Edwards: Wales face ‘massive challenge’ in Pool A

Wales defence coach Shaun Edwards is staying with the WRU

Wales defence coach Shaun Edwards says his team have a “massive”
challenge to get out of the Rugby World Cup’s Pool of Death.

Former Rugby League star Edwards has been Wales assistant coach under head
coach Warren Gatland since 2008 and has overseen two Six Nations Grand Slams
and one title and a last-four appearance in the 2011 World Cup.

Working with attack coach Rob Howley and forwards coach Robin McBryde, Edwards
has carved himself a role as one of global rugby union’s most respected defensive

“It’s a massive challenge for us,” Edwards conceded of the defensive
effort he envisages for Wales in the so-called “Group of Death”.

“We are playing against England, who scored more tries in the Six Nations
last season that anyone has ever scored, and then we come up against Australia
and Fiji.

“Australia have just won the Rugby Championship and Fiji are in good form.”

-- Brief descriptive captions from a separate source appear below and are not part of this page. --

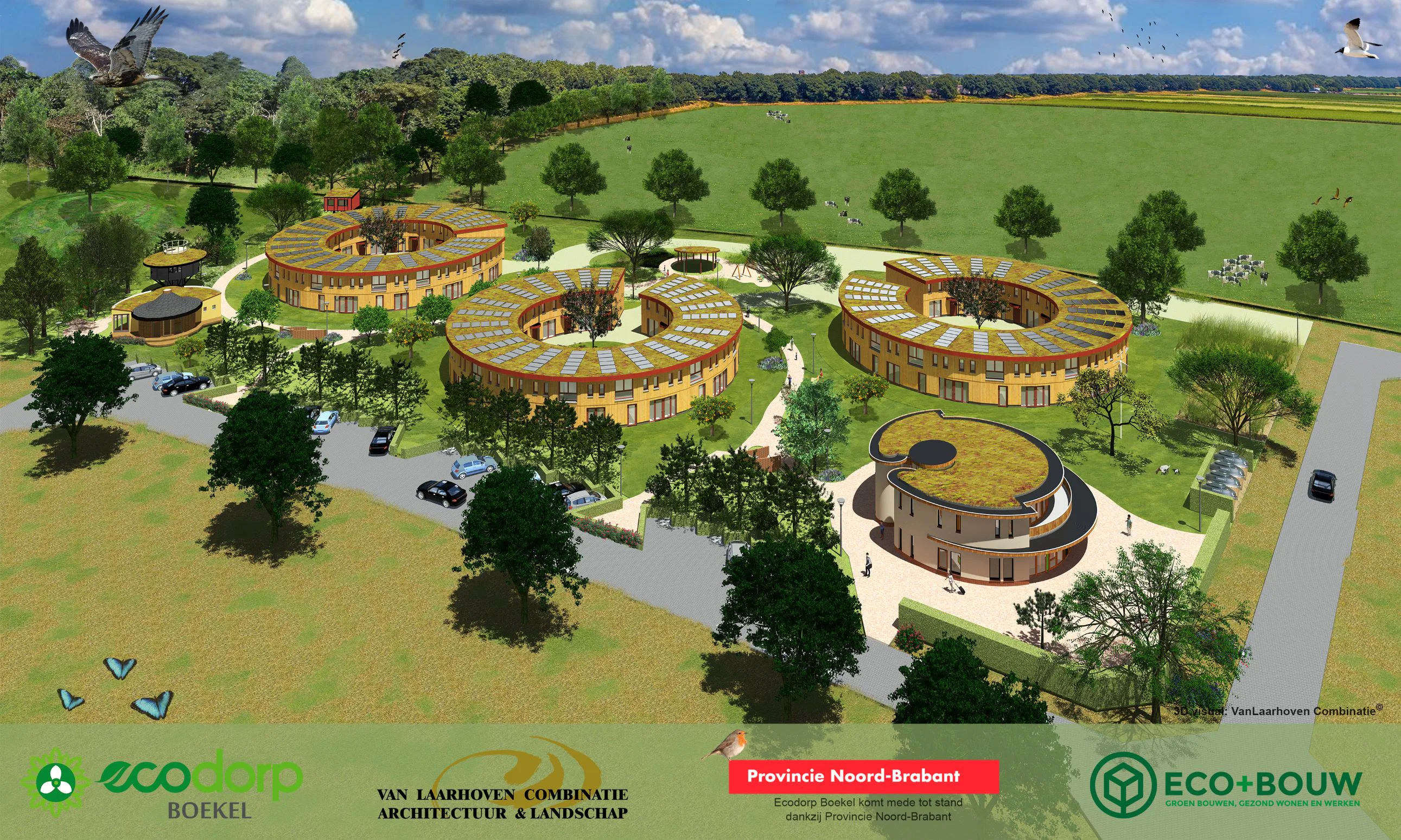 Middels de 3 wooncirkels ontstaat een woonomgeving die de gezamenlijkheid en de privacy optimaal samen brengt. De relatie met de natuur is hierbij de bindende factor. Beeld: Van Laarhoven Combinatie Architecten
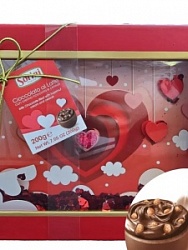 Конфеты Соринии 200г 3Д Любовь Блестки молоч.шокол.с орех.кремом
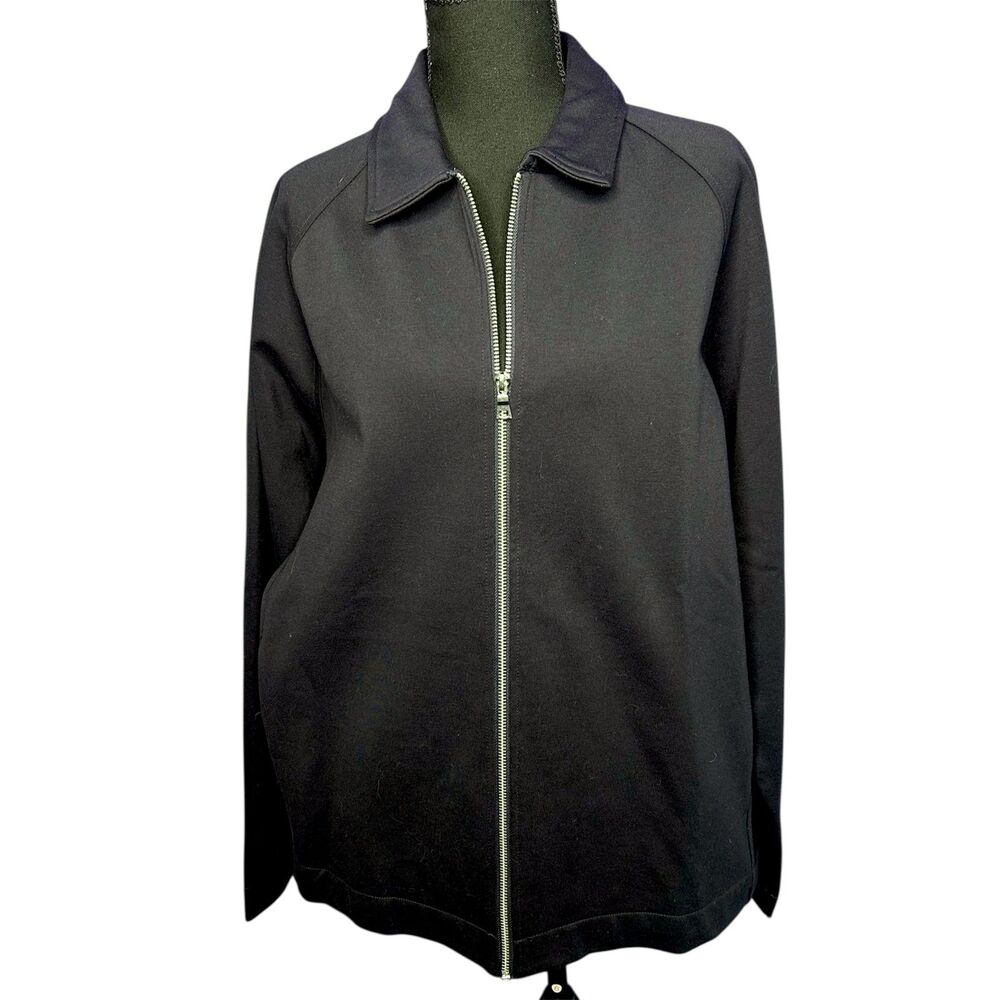H&M Womens Navy Full Blue Zip Collared Jacket L Minimalist Structured Office NWT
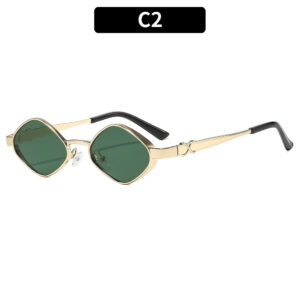 C2-Gold-framed dark green trim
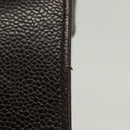 CHANEL Chain Shoulder Bag Caviar Skin Brown Gold CC Auth 138561-3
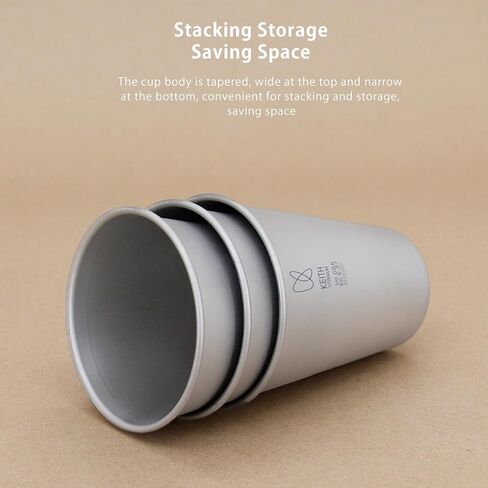 Keith Titanium Beer Mug Camping Pot Wide Mouth Mug Lightweight Stackable Suitable for Camping Barbecues Pub Visits and Cold Drinks (15.2, Fluid Ounces) in Kuwait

Wales kick off their campaign against Pool A minnows Uruguay at the Millennium
Stadium on Sunday, but Edwards already has his eyes set on the September 26
clash at Twickenham against hosts England.

“It’s a big test for us in defence, in particular, the first big game
against England,” he said.

“England have scored the most points in the last two Six Nations so we
are playing against a very potent attacking force.

“They are a team who can hit you in all ways. They have some electric
backs and like to play expansive rugby, but they can also hit you through the
forwards with a mauling game.

“So, we have got our hands full, but we are preparing well for that challenge.”

Many pundits have predicted that, with only two teams automatically qualifying
for the quarter-finals, Pool A could well be decided on points difference given
the strength in depth of the teams on show.

“The last two Six Nations have been decided on points difference,”
Edwards reminisced.

“Ireland won both of them because they conceded the least points. And
we won it before that because we conceded the least points. So, obviously defence
is a big part of it and if it does go to points difference, the fewer points
you concede, the better.

“But also, there is no doubt that with such potent attacking sides in
our group, there are going to be a lot of tries scored as well.”

Turning to Sam Burgess, a rugby league convert who has been named on the bench
for England for Friday’s tournament opener against Fiji, Edwards acknowledged
that he was impressed by what he had seen.

“I think Sam has been massively improving,” he said.

“Like any player, it is massive to change sport, but for Sam he has changed
from a forward to a back as well. That has made it even harder for him.

“I haven’t seen a full game of him playing at centre for a while, but
he came on there for England and made a relatively good impact. I think Sam
has acquitted himself very, very well.”